WHAT IS REQUIRED:
Write out exactly, please, the lines from the one containing "T-shirt imprimé au dos T-shirt" to the end of the material.

┌────────

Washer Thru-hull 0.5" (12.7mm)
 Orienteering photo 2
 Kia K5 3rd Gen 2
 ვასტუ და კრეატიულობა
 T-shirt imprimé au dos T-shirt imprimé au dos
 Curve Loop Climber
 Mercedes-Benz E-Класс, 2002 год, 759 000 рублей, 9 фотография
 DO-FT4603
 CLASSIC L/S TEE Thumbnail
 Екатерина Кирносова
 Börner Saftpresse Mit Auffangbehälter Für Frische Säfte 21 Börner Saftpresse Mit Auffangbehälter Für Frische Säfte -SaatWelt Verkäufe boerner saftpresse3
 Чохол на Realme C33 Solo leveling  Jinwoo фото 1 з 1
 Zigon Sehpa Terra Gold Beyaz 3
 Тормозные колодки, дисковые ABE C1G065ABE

└────────

SOLUTION FOR THIS TASK:
 T-shirt imprimé au dos T-shirt imprimé au dos
 Curve Loop Climber
 Mercedes-Benz E-Класс, 2002 год, 759 000 рублей, 9 фотография
 DO-FT4603
 CLASSIC L/S TEE Thumbnail
 Екатерина Кирносова
 Börner Saftpresse Mit Auffangbehälter Für Frische Säfte 21 Börner Saftpresse Mit Auffangbehälter Für Frische Säfte -SaatWelt Verkäufe boerner saftpresse3
 Чохол на Realme C33 Solo leveling  Jinwoo фото 1 з 1
 Zigon Sehpa Terra Gold Beyaz 3
 Тормозные колодки, дисковые ABE C1G065ABE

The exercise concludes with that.